Welcome to another installment in a series of articles about my Monkey Hi Hat music visualizer application, and the supporting libraries, applications, and content. You may wish to start with the earlier articles in this series:

Today I’m going to quickly cover the general architecture of the Eyecandy library. When I decided to write a music visualizer, I had no idea how any of this actually worked. It took about a month to create mostly-working code, at which point I threw it all away and started writing Eyecandy from scratch. That took about two months, and then I spend another month writing Monkey Hi Hat, which resulted in several point releases of Eyecandy.

However, architecturally-speaking the library is pretty simple. All of the heavy-lifting is orchestrated by the AudioCaptureProcessor and AudioTextureEngine classes.

Audio Capture

As earlier articles and the wiki notes, the library can be used for audio capture only, although that’s so easy to do with off-the-shelf OpenAL (or more likely OpenAL-Soft), there’s not much point in using Eyecandy for that. The big difference between typical OpenAL capture code and the Eyecandy approach is that audio is processed on a separate thread. This can be a little bit tricky since neither OpenAL nor OpenGL are particularly friendly to multi-threaded code.

At a high level, the AudioCaptureProcessor class constructor requires an EyeCandyCaptureConfig object, which defines things like the audio sample size, normalization factors, and other things which will probably never need to be adjusted from their default values. (Indeed, I still haven’t gotten around to supporting Monkey Hi Hat config-file entries to alter these defaults.)

The constructor initializes a few buffers, makes some private copies of certain fields which will need to be read by the separate audio-capture thread, and that’s about it.

There is also an AudioProcessingRequirements property which the library consumer must keep up-to-date. This is just a set of flags which controls the different post-processing options (for example, whether the consumer needs RMS volume data).

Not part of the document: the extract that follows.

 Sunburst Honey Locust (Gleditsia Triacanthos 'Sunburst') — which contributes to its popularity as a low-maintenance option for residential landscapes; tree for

The library consumer uses Task.Run to invoke the Capture method on a separate thread. Capturing is terminated via CancellationToken and the method requires a callback Action which is invoked when the OpenAL library has enough audio sample data available to fill the buffer (which, by default, is short[1024]).

Before the callback is invoked, a ProcessSamples method is called. This reads the samples, performs various required calculations like generating RMS volume or FFT decibel-scale frequency data, and the results are also stored into buffers.

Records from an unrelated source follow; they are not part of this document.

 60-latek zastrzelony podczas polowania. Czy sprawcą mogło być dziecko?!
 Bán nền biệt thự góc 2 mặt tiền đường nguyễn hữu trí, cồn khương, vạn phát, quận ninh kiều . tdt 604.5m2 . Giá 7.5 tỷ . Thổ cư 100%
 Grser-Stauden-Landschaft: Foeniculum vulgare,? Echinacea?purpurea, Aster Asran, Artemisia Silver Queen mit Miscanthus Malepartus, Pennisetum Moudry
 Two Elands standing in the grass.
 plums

For thread-safety purposes, the various buffers are grouped into the AudioData class, and two of these are swapped back and forth using Interlocked.Exchange ensuring that the publicly-accessible buffers will never be accessed by the background thread. The Timestamp property on that class can be used by consumers to determine when the buffers were updated.

Once the updated AudioData has been flipped to the publicly-accessible side, the consumer’s callback function is invoked to do something with the data. It’s important to remember that this callback will also be running on the background thread doing the capture.

Even though it runs on a background thread, checking for audio sample data availability is still a polling loop. That led to a study of the various delay, sleep, and wait options in .NET, and there are many of them. Also, in many cases passing a 0 or 1 value often has special meaning. Originally my code called Thread.Yield which works, but later on when Monkey Hi Hat was useable, I returned to this area and started reviewing the frame-rate impact of the various options. I finally settled on Thread.Sleep(0) which cedes control to any thread of equal-priority, yet produces the best frame rate out of all the options. While I did re-run each test many times, I didn’t take any special measures to optimize testing conditions; I tested while streaming Spotify, with several copies of VS running, god-only-knows how many Firefox processes loaded, and so on. The comments in the code (and below) document my findings, noting the approximate average frame rate, as well as what my research indicated the different calls do behind the scenes.

1
2
3
4
5
6
7
8
9
10
// Relative FPS results using different methods with "demo freq" (worst-performer).
// FPS for Win10x64 debug build in IDE with a Ryzen 9 3900XT and GeForce RTX 2060.
Thread.Sleep(0);        // 4750     cede control to any thread of equal priority
// spinWait.SpinOnce(); // 4100     periodically yields (default is 10 iterations)
// Thread.Sleep(1);     // 3900     cede control to any thread of OS choice
// Thread.Yield();      // 3650     cede control to any thread on the same core
// await Task.Delay(0); // 3600     creates and waits on a system timer
// do nothing           // 3600     burn down a CPU core
// Thread.SpinWait(1);  // 3600     duration-limited Yield
// await Task.Yield();  // 3250     suspend task indefinitely (scheduler control)

Once the consumer cancels the CancellationToken, the sample polling loop ends and stops capturing. Although my use-case doesn’t work that way, it should be possible to call Capture again as long as Dispose hasn’t been invoked.

Audio Texture Management

For visualization programs, the AudioTextureEngine class coordinates the conversion of audio data to OpenGL textures. The library consumer doesn’t have to deal with the audio capture aspect at all. Like the audio capture class, the constructor requires an EyeCandyCaptureConfig object defining various audio capture settings, and again, the defaults are probably always acceptable.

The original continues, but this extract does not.